ENTRIES PROVIDED
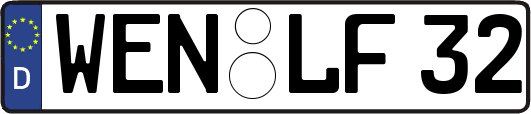 WEN-LF32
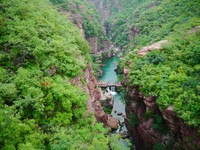 豫见河南～太行山避暑行旅，下榻古城五星饭店享风潮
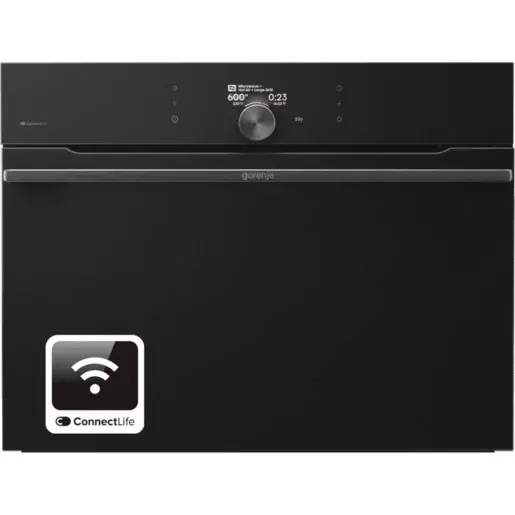 Mikrovlnná rúra Gorenje čierna BCM4058B
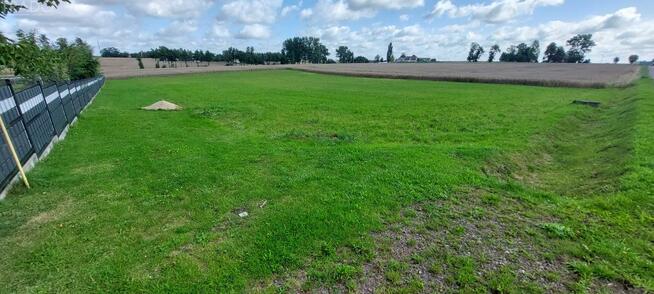 Działka budowlana Osiek Wielki gm. Osiek Mały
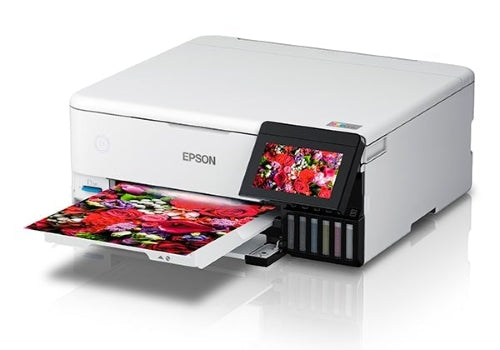 Epson ET-8500 Ecotank Photo All-in-One Colour Printer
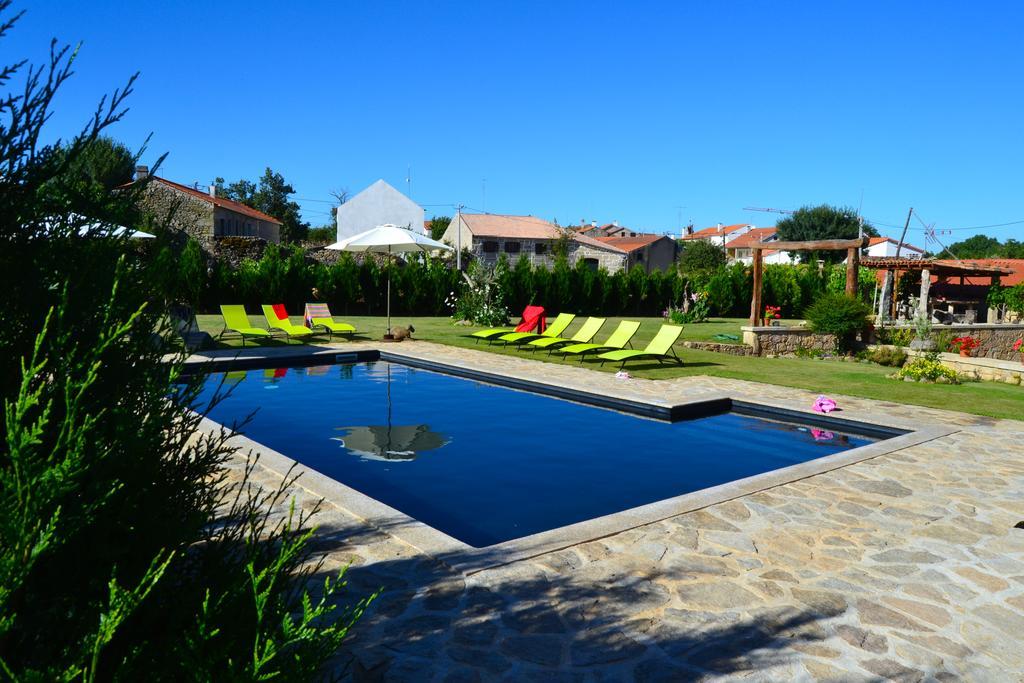 Carya Tallaya - Casas De Campo Vale das Eguas Exterior photo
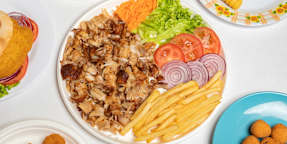 Sahara Grill - Rhodes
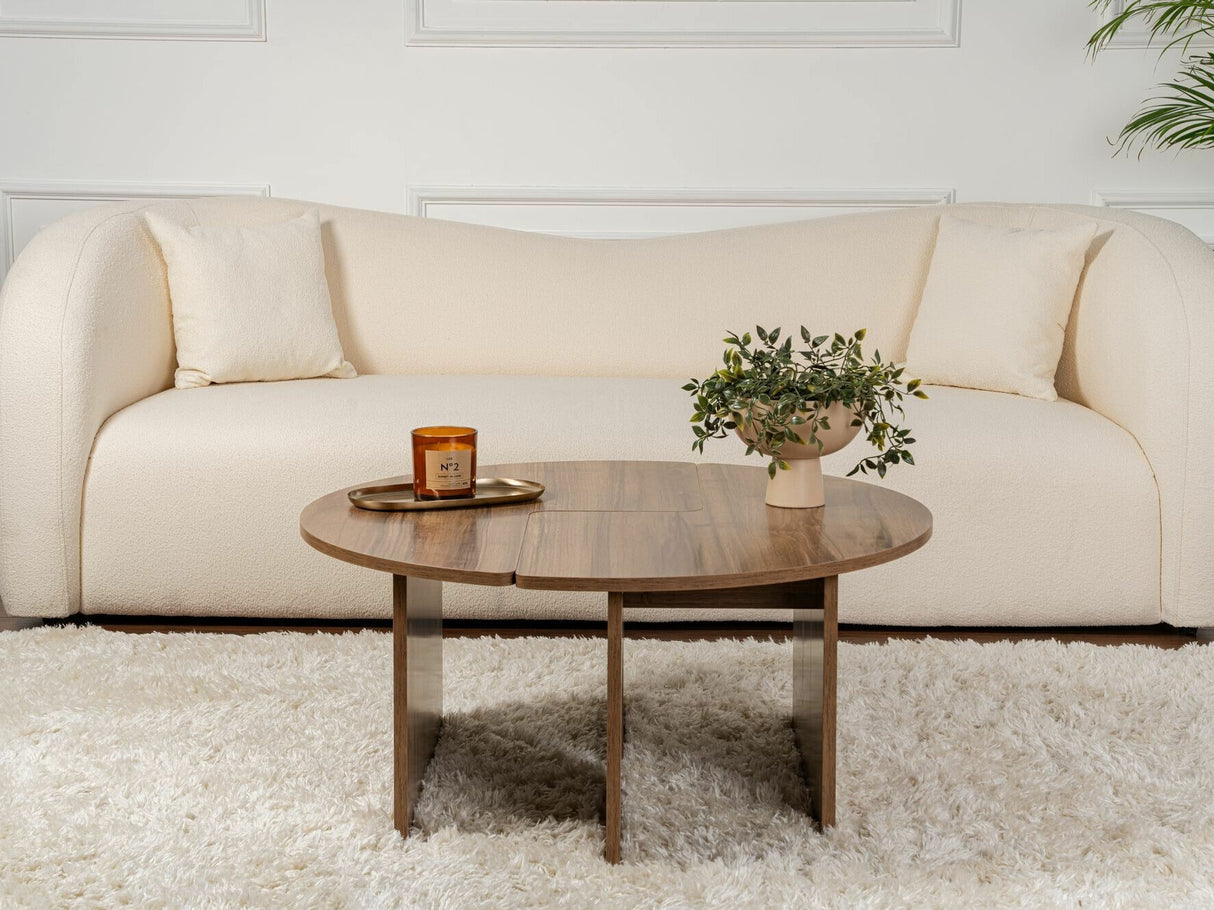 Žurnalinių staliukų komplektas 585090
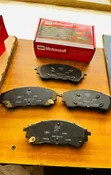 Ford Everest Front Brake Pads (Brand New) - 2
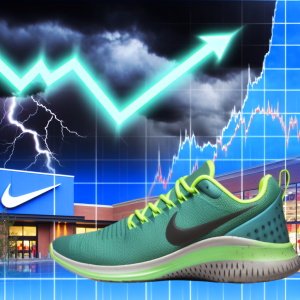 How tariffs affect retail, Nike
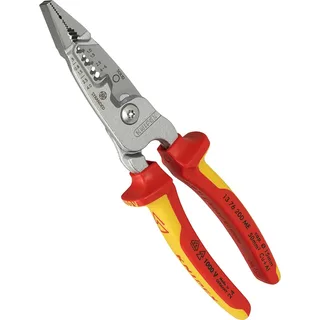 Knipex 13 76 200 Me Striptang by Knipex – product image 1 of 6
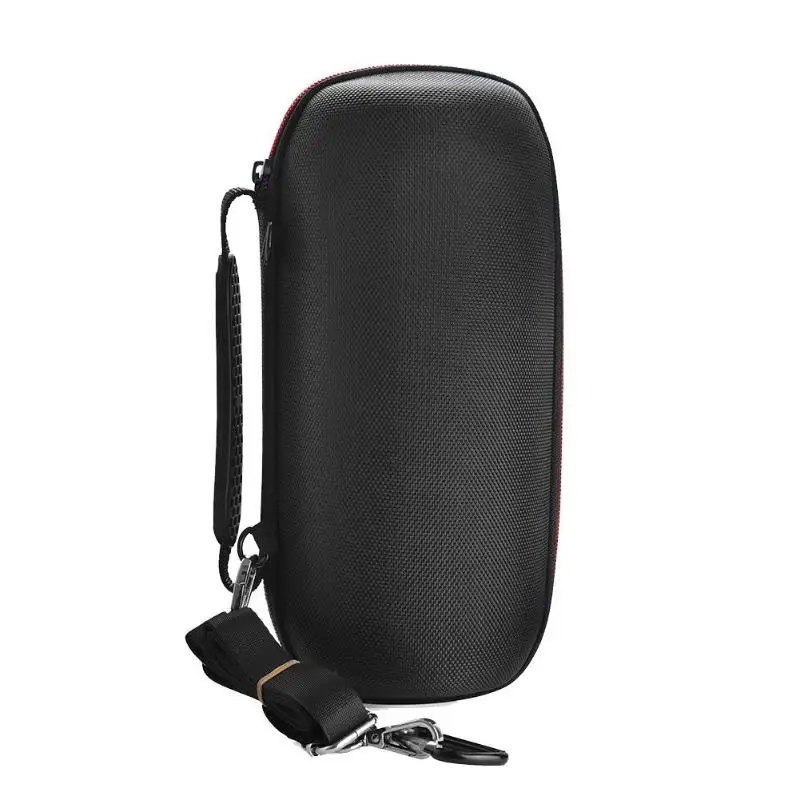 

Nylon Carry Protective Speaker Box Pouch Cover Handbag Case for JBL Pulse 3 Charge 3 Upgraded Version Wireless Bluetooth Speaker
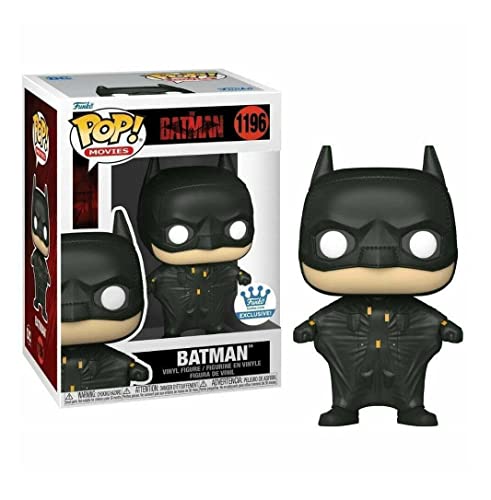 Funko Pop! The Batman 2022 Wing Suit 1196 Exclusive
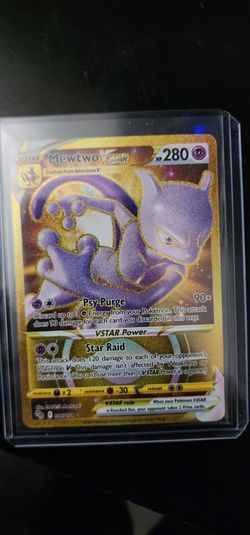 Mewtwo vstar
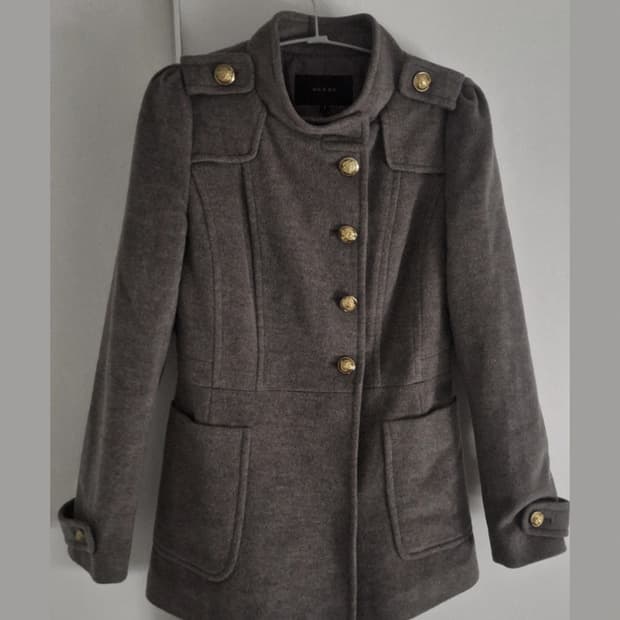 온앤온 금장코트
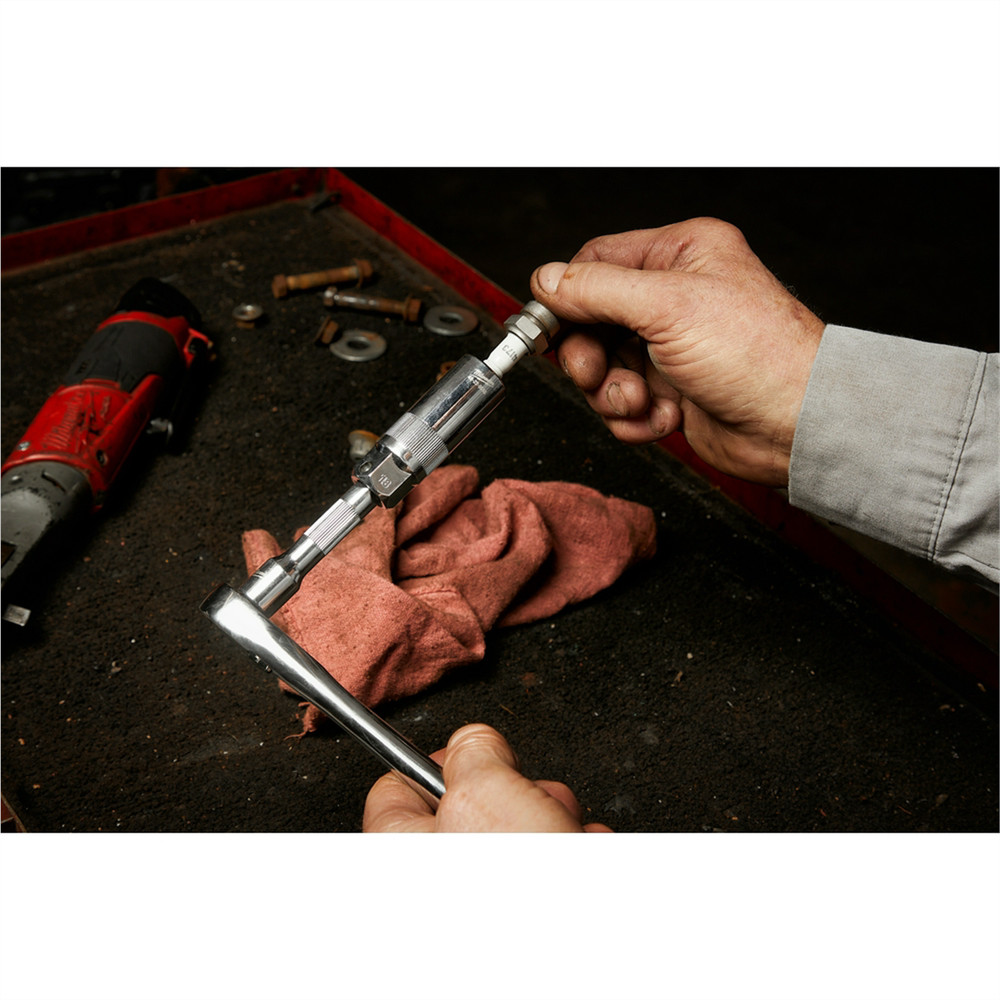Milwaukee Tool 3/8" Drive 14MM Spark Plug Socket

TASK TO CARRY OUT
When copying the material, leave every image behind and keep each line verbatim.

EXERCISE SOLUTION
 WEN-LF32
 豫见河南～太行山避暑行旅，下榻古城五星饭店享风潮
 Mikrovlnná rúra Gorenje čierna BCM4058B
 Działka budowlana Osiek Wielki gm. Osiek Mały
 Epson ET-8500 Ecotank Photo All-in-One Colour Printer
 Carya Tallaya - Casas De Campo Vale das Eguas Exterior photo
 Sahara Grill - Rhodes
 Žurnalinių staliukų komplektas 585090
 Ford Everest Front Brake Pads (Brand New) - 2
 How tariffs affect retail, Nike
 Knipex 13 76 200 Me Striptang by Knipex – product image 1 of 6

Nylon Carry Protective Speaker Box Pouch Cover Handbag Case for JBL Pulse 3 Charge 3 Upgraded Version Wireless Bluetooth Speaker
 Funko Pop! The Batman 2022 Wing Suit 1196 Exclusive
 Mewtwo vstar
 온앤온 금장코트
Milwaukee Tool 3/8" Drive 14MM Spark Plug Socket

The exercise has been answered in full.